The dividend limitation is based on statutory financial results. Statutory accounting practices, as prescribed by insurance regulators of various states
in which the Company conducts business, differ in certain respects from accounting principles used in financial statements prepared in conformity with
GAAP. The significant differences relate to the treatment of DAC, certain deferred income taxes, required investment reserves, reserve calculation
assumptions, goodwill and surplus notes.
As of December 31, 2003, the maximum amount of the dividend which may be paid to the Holding Company by Metropolitan Life, Metropolitan
Property and Casualty Insurance Company and Metropolitan Insurance and Annuity Company in 2004, without prior regulatory approval, is $798 million,
$200 million and $185 million, respectively.
Liquid Assets. An integral part of the Holding Company’s liquidity management is the amount of liquid assets that it holds. Liquid assets include
cash, cash equivalents, short-term investments and marketable fixed maturity and equity securities. Liquid assets exclude assets relating to securities
lending and dollar roll activities. At December 31, 2003 and 2002, the Holding Company had $1,320 million and $846 million in liquid assets,
respectively.
Global Funding Sources. Liquidity is also provided by a variety of both short and long-term instruments, including repurchase agreements,
commercial paper, medium and long-term debt, capital securities and stockholders’ equity.

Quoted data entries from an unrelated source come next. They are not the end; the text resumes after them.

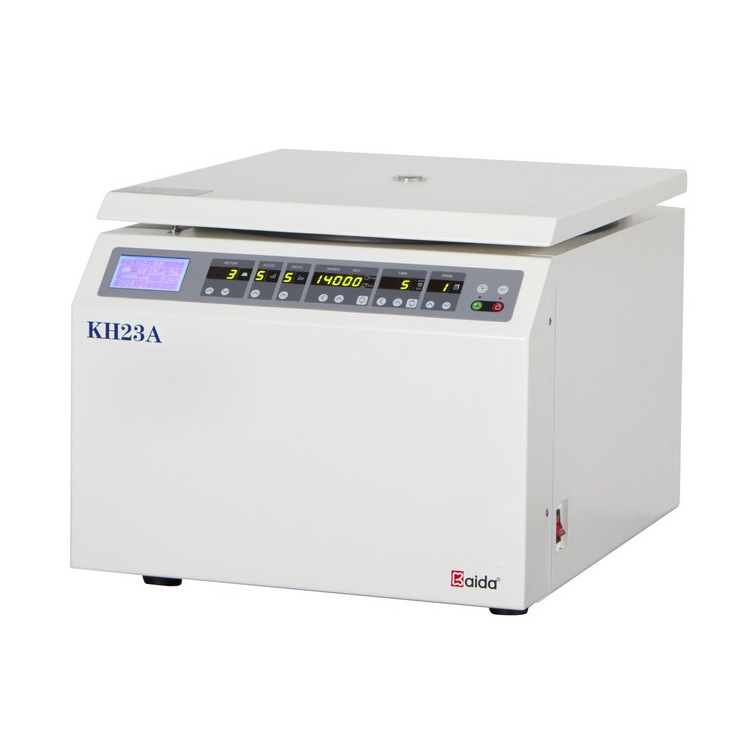 Hunan Kaida KH23A High-speed C - Laboratory Centrifuge ulasan dan harga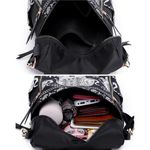 Rucsac dama Raelyn GT1466, model negru fotografia produsului View 7 S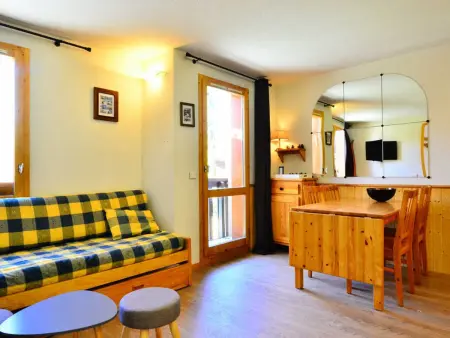 Appartement cosy 5 pers à Montchavin, près des pistes - Photo 2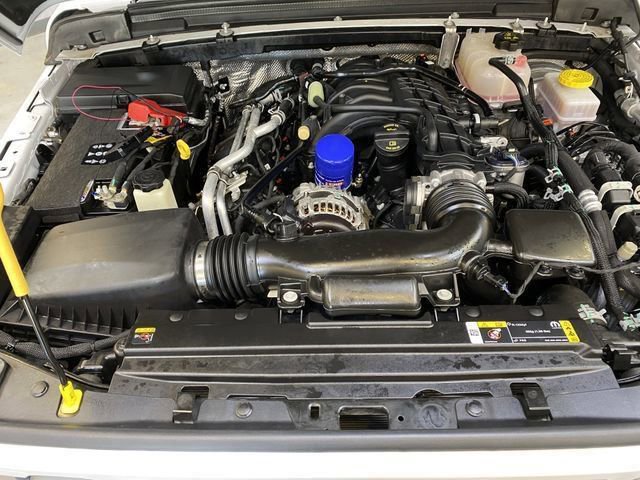 Used 2025 Jeep Wrangler Sport image 10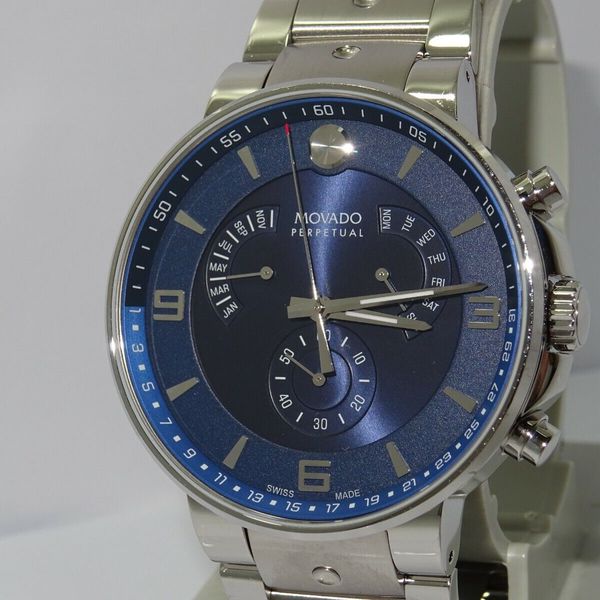 Movado SE Mens Watch 0607513 main image 0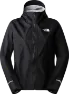 The North Face Women's Higher Run Jacket, TNF BLACK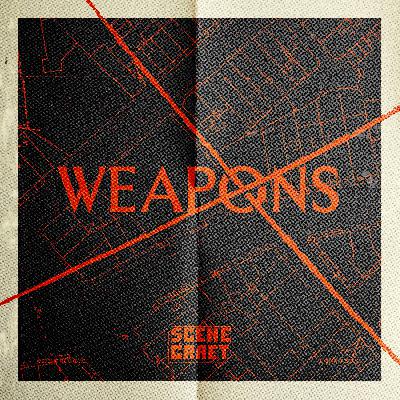 Weapons (Scene: Archer's Nightmare)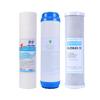 Elemento de filtro purificador de agua universal, conjunto completo de tres niveles, juego de algodón PP de 10 pulgadas, elemento de filtro purificador de agua doméstico de cuatro o cinco niveles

The diversification of the Holding Company’s funding sources
enhances funding flexibility and limits dependence on any one source of funds, and generally lowers the cost of funds.
At December 31, 2003 and 2002, the Holding Company had $106 million and $249 million of short-term debt outstanding, and $3.96 billion and
$3.27 billion in long-term debt outstanding, respectively.
The Holding Company filed a $5.0 billion shelf registration statement with the U.S. Securities and Exchange Commission (‘‘SEC’’), which became
effective on March 4, 2004. The shelf registration will permit the registration and issuance of a wide range of debt and equity securities, including
preferred securities of a subsidiary trust guaranteed by MetLife Inc., as described more fully therein. Approximately $44 million of registered but unissued
securities remaining from the Company’s 2001 $4.0 billion shelf registration statement has been carried over to this shelf registration.
The Holding Company issued and remarketed senior debt and debentures in the amount of $3.96 billion under the 2001 $4.0 billion shelf
registration statement. The following table summarizes the Holding Company’s senior debt issuances:
Interest
Issue Date Principal Rate Maturity
(Dollars in millions)
November 2003************************************************************** $500 5.00% 2013
November 2003************************************************************** $200 5.88% 2033
December 2002 ************************************************************* $400 5.38% 2012
December 2002 ************************************************************* $600 6.50% 2032
November 2001************************************************************** $500 5.25% 2006
November 2001************************************************************** $750 6.13% 2011
In addition, in February 2003, the Holding Company remarketed $1,006 million aggregate principal amount of debentures previously issued in
connection with the issuance of equity security units. See ‘‘— MetLife Capital Trust I.’’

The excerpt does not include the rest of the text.